Forced Nomads and Modern Travel: Vagabonds, Tourists and the Architecture of Survival

Nowadays we are all on the move. —Zygmunt Bauman, Globalization: The Human Consequences [T]he very significance of geographical location at all scales begins to be questioned. We become nomads—who are always in touch. —Michael Bededikt, “On Cyberspace and Virtual Reality” As a consequence of the late-modern world, Zygmunt Bauman suggests, one cannot stay put for very long—certainly, “[o]ne cannot ‘stay put’ in [the] moving sands” associated with a postmodern context (Bauman, 78). And yet historically speaking and for a prolonged period in modern European intellectual traditions, such movement has not been seen as such an essential feature of the human condition. “On the contrary,” Ning Wang notes, “the sedentary state is perceived to be a characteristic of civilization” (1). Mobility and movement, while considered important in terms of transferring knowledge, technologies, and communication, has also been associated with human tragedy in modern civil society—calling to mind histories of colonialism, war, and environmental or industrial disasters.

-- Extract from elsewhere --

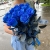 15 синих LUX роз Эквадор (70 см) в Домодедово 15 синих LUX роз Эквадор (70 см) в Домодедово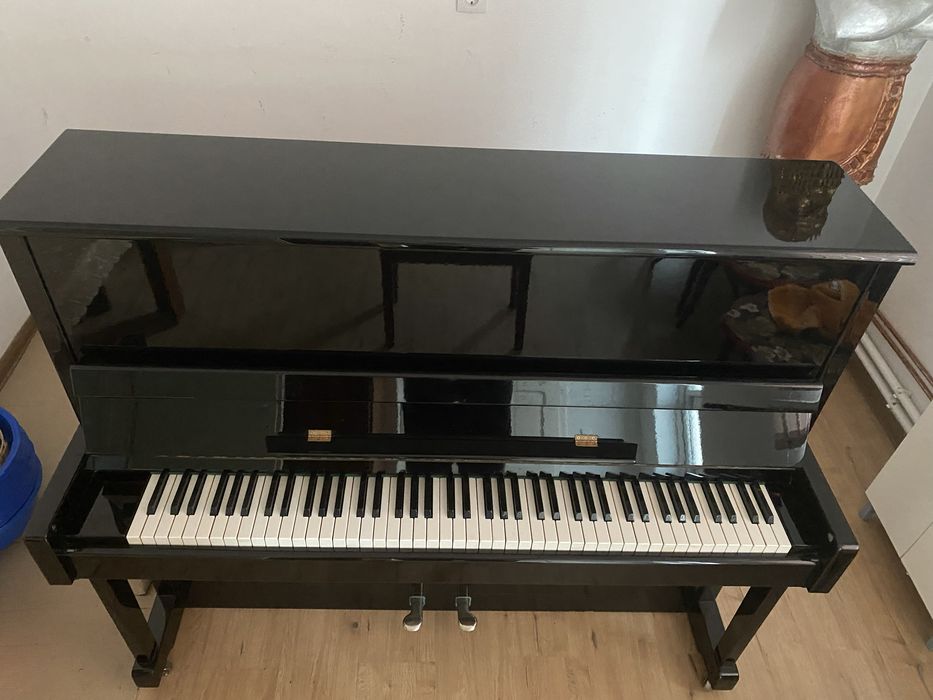 Vand / Schimb - Pian marca LIPPMANN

Parallel World, Boja Vasic and Vessna Perunovich’s exhibition at Modern Fuel Artist-Run Centre, depicts people who, like others who exist outside of the modern social order of travel, are participating in movement more akin to pre-modern ideas of human tragedy, thereby articulating the artists’ paradoxical notion of the “forced nomad.” Travel as a modern social action, then, conceptually associated with Vasic and Perunovich’s exhibition, might be considered as a way to examine the late-modern relationship between globalization and what Bauman calls its “human consequences.” In other words, “to tour or not to tour” can no longer be taken for granted as simply a necessary component to a middle-class contemporary lifestyle (Wang, vii).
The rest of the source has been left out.